Чем больше положительный настрой на исцеление, тем больше шансов избавиться от трудноизлечимых болезней.

 
В современной медицине зачастую не учитывается психико-физическая конституция человека, в то время как в восточных медицинских традициях Китая, Тибета, Индии это лежит в основе здорового образа жизни.
На Востоке говорят, что психическая сила в сто раз сильнее физической, а духовная сила в сто раз больше психической.
В отношении хронических болезней большое значение имеет психическое и духовное восстановление, чему уделяется особое внимание в центре им. профессора Николаева.

Чтобы человек полностью исцелился, физическое, психическое и духовное здоровье человека должно быть в состоянии баланса. Человек должен быть доволен собой и своей жизнью. В аюрведе говорится, что недовольный человек - это больной человек.
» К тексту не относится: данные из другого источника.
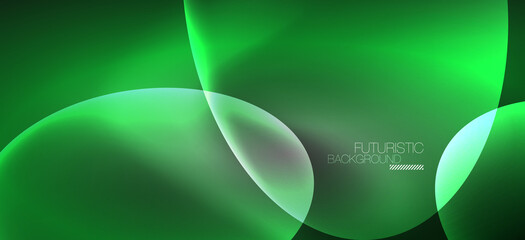 Neon ellipses abstract backgrounds. Shiny bright round shapes glowing in the dark. Vector futuristic illustrations for covers, banners, flyers and posters and other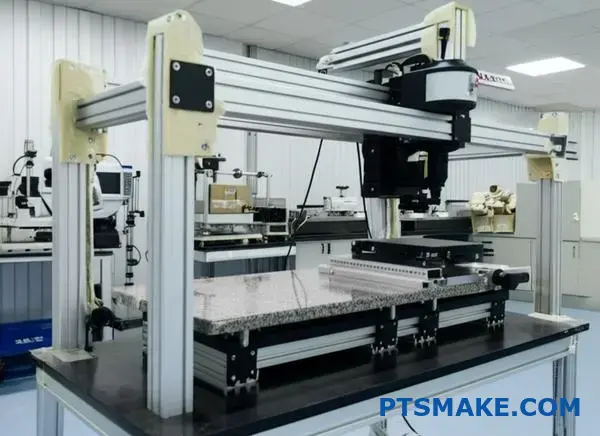 T slot aluminum profile rig with granite and optical measurement devices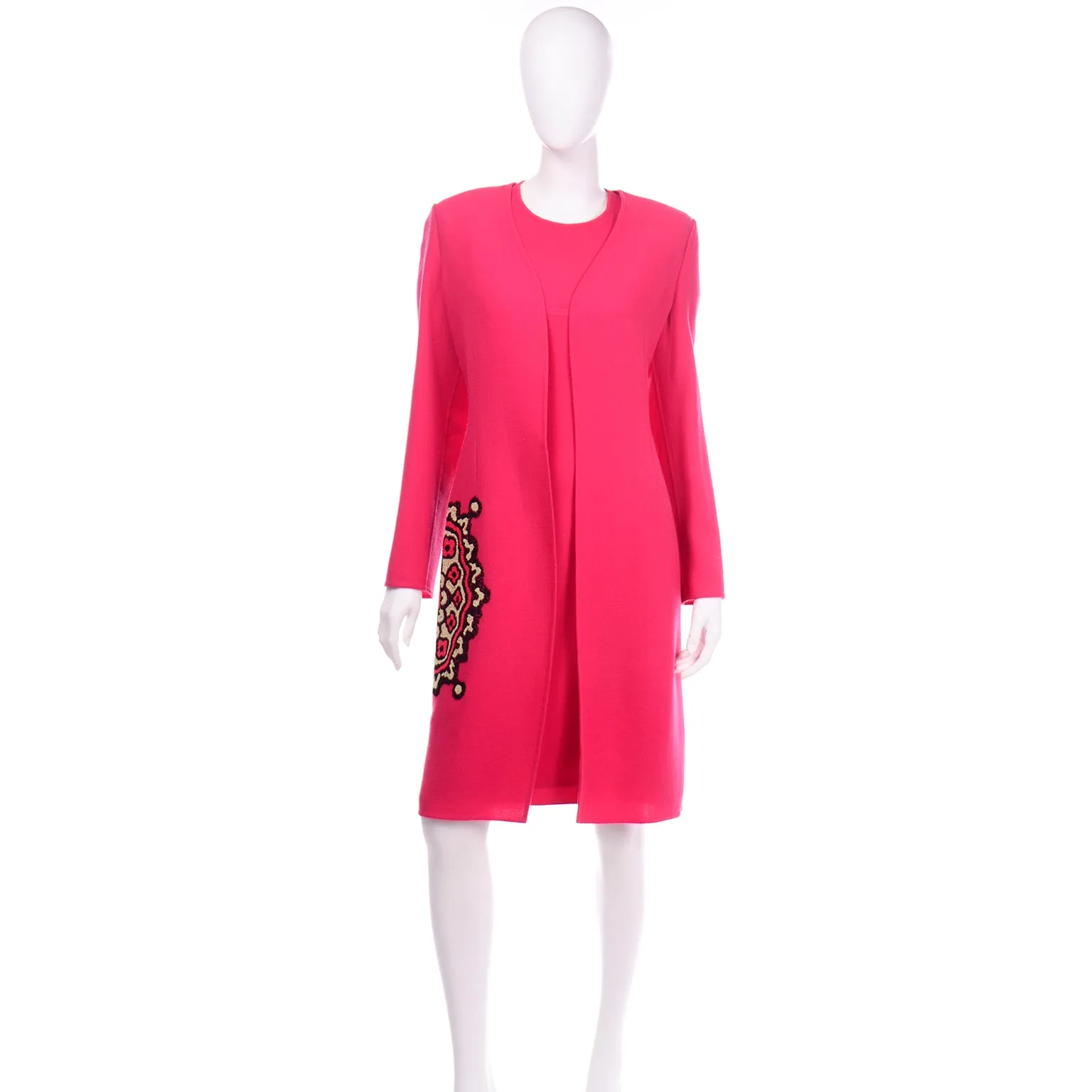 Bill Blass Vintage Pink Dress and Embroidered Coat Suit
Если человек доволен собой и своей жизнью, то это больше говорит о психическом балансе, чем о телесном, но в то же время это поддерживает тело в гармонии. С другой стороны, если тело выйдет из состояния баланса, очень трудно сохранять психическое спокойствие. Таким образом, телесный и психический аспекты здоровья очень тесно взаимосвязаны.

Для сохранения и поддержания здоровья нужен комплекс мер. Голодание тоже не панацея. Это мощный метод очищения и изменения здоровья в лучшую сторону или исцеления от болезней. 

 
Для сохранения полученных от голодания результатов и дальнейшего движения в сторону здоровья нужна готовность к внутренним изменениям, к изменению образа жизни .

За время существования центра профессора Николаева тысячи больных восстановили своё здоровье, поменяли отношение к своему телу и жизни, многие «неизлечимые» больные, особенно больные бронхиальной астмой, полностью излечились. Справились с избыточным весом и научились быть всегда в форме больные с ожирением. 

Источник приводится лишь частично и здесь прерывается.